Time Management – Do You Create An Effective To-Do List?

by Aaron Morris on December 28th, 2011 at 9:54 pm
Posted In: Employment, Income, Organization, Work

to do list

With the new year a few days away, I wanted to offer a useful article on the most basic of motivational and organizational tools, the humble to-do list.  Some lessons have to be learned over and over, and in my case it is implemenation of a to-do list.  I know I’m not alone in this, because I took a poll over a couple of days, and did not find one person that was properly using a to-do list.

What were they doing wrong?  Well, assuming they even maintained a to-do list, they did not have it with them.  Most had a to-do list on their desk at work, but that fails to do anything about personal goals and long-term projects.
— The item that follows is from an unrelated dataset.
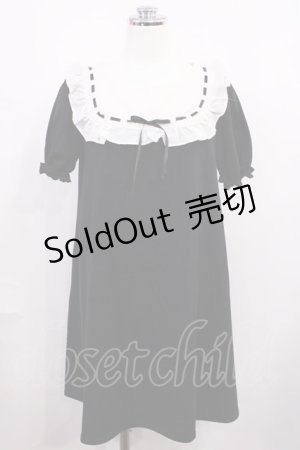 画像: Ank Rouge / ヨーク切替カットワンピース M ブラック H-26-02-21-1013-CA-OP-NS-ZH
So, my simple advice:  Keep it with you and keep it simple.  I experienced a quantum leap in efficiency in bringing all my back-burner projects to the front burner when I started keeping a to-do list in my top pocket.  If I have a thought, I pull it out and write it down.  Yes, I WRITE it down.  I keep an electronic to-do list on my iPhone, and it syncs across my Kindle Fire, iPad and PC (the program I use — Remember the Milk — is free at rememberthemilk.com).  That is very useful, and I really like that I can sit down for a brainstorming session and create a master list of projects and then break it down into individual tasks, but in my experience a lot of my spontaneous ideas don’t get recorded if I have to pull out my phone and navigate to a to-do program, and then type in my thoughts.  Pen and paper still wins, at least for me.

On that subject, I came across the following article by Lawrence Ng [reprinted here with permission]about implementing to-do lists.  It’s all pretty common sense stuff, but as my poll revealed, most people don’t follow these suggestions. ↓ Read the rest of this entry…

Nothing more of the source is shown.